** Task to carry out **
From the line that contains "#LTKKids #LTKParties" down to the final line of the listing below, set down every line exactly, both ends included, and drop the pictures.

** Recorded data **
##############################

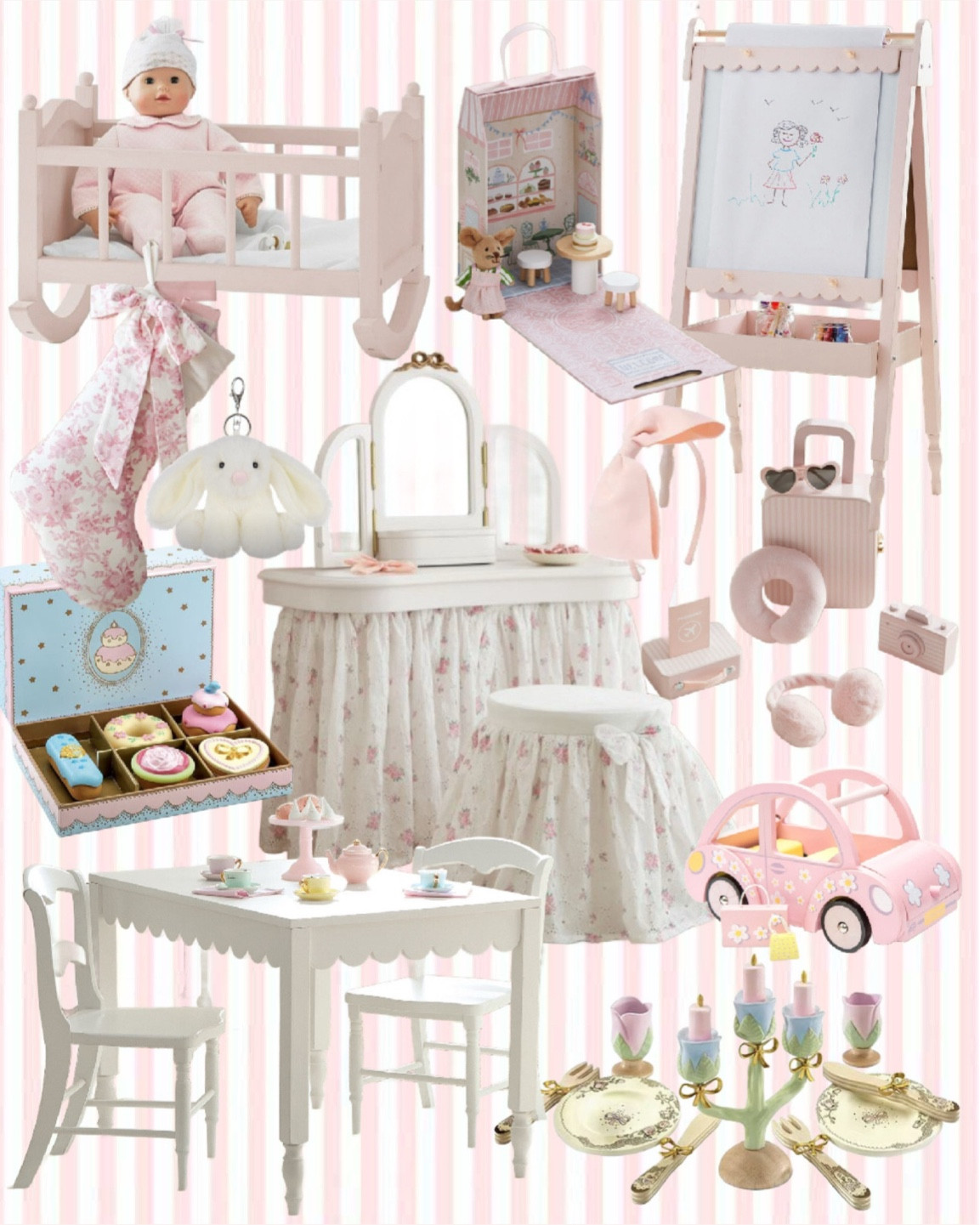 Gifts for Girls! 

Birthday gifts, scalloped table, girls vanity, dollhouse, baby dolls, baby doll cradle, Valentine’s Day gifts, birthday party 

#LTKKids #LTKParties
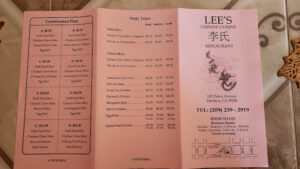 Lee's Chinese Restaurant - Manteca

##############################

** Solution **
#LTKKids #LTKParties
 Lee's Chinese Restaurant - Manteca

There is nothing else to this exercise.